3. Test your tolerance for going 'out of the box.' In its first presentation, A Hundred Monkeys tossed out 50-odd names, including Ironbit, Snafu, Gargoyle, Alpharay, Carbon8 and Blowfire. "Everyone says they want something unusual," Altman says. "The classic line is, 'We want a name like Yahoo.' But when it comes down to it, the obstacle is always fear. We help them see that their fears aren't based on what happens to brands out in the world. It's like Banana Republic. People don't see the name and think, 'Whoa, an ugly racial slur -- I'm not going to shop there.' It's all contextual."
4. But don't get carried away. "There's a reason a name like Blue Kangaroo wouldn't work," Manning says. "It doesn't mean anything. It has no depth. Our philosophy is, a name should connect with something already in the collective subconscious. You're trying to make an emotional connection."
5. Don't involve too many people.
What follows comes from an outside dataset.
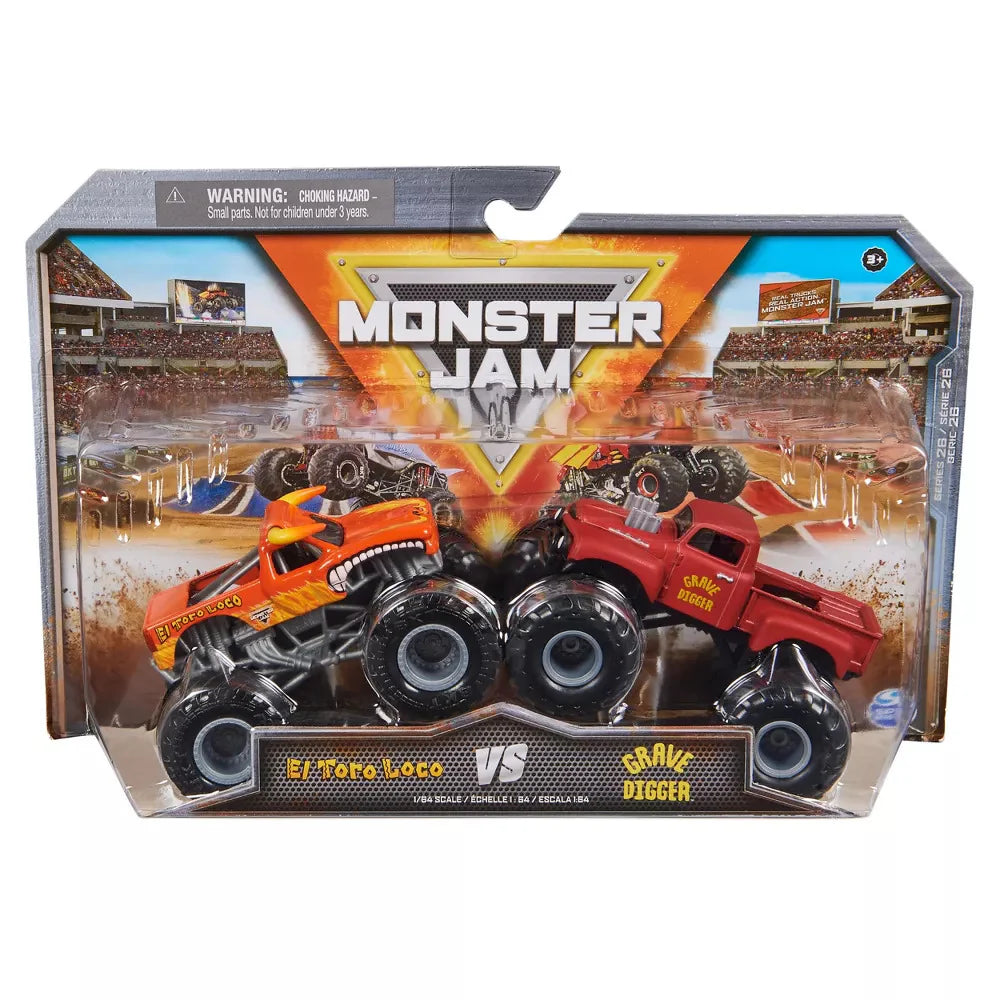 MONSTER JAM 1:64 2 PK VEHICLE AST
According to Manning, it is the effort to appease too many different viewpoints that leads large corporations to choose bland, made-up names, as Andersen Consulting and Bell Atlantic recently demonstrated in rebranding themselves as Accenture and Verizon. "The best way to get 100 people to sign off on a name is to come up with something that has no meaning and offends no one," he says. While vast advertising expenditures can eventually wear down a consumer's resistance to an awkward name, smaller ventures can't afford such a luxury.
6. Don't panic -- in the end, it's just a name. With the opening just weeks away, Nguyen's team began to worry. Blowfire and Ironbit were leading contenders within the company, while A Hundred Monkeys was pushing for Gargoyle. ("I just couldn't imagine saying, 'Hi, I'm Kate from Gargoyle,"' O'Sullivan says.) Finally, a dark horse emerged from the field: Seven. On its face, the name didn't exactly say "wireless infrastructure," but then again, does Apple inherently suggest computers? Indeed, Seven's abstract, slightly mystical quality, Nguyen reasoned, was the essence of its appeal. "It has so many different connotations," he says. "Seven Wonders of the World, seven days of the week, on the seventh day God rested. It's the number of perfection, the good-luck number. There's also a data language in the telecom industry called SS7, which the companies we deal with will appreciate." When Nguyen announced the choice to his employees, it was met with enthusiastic applause. Of course, it's still too early to tell whether Nguyen's $75,000 word can keep his company afloat. "If we wind up dying, my last act will be to change the name to Mobile-Seven," he says. "Might as well go down in flames."
Josh Rottenberg is a freelance writer living in New York.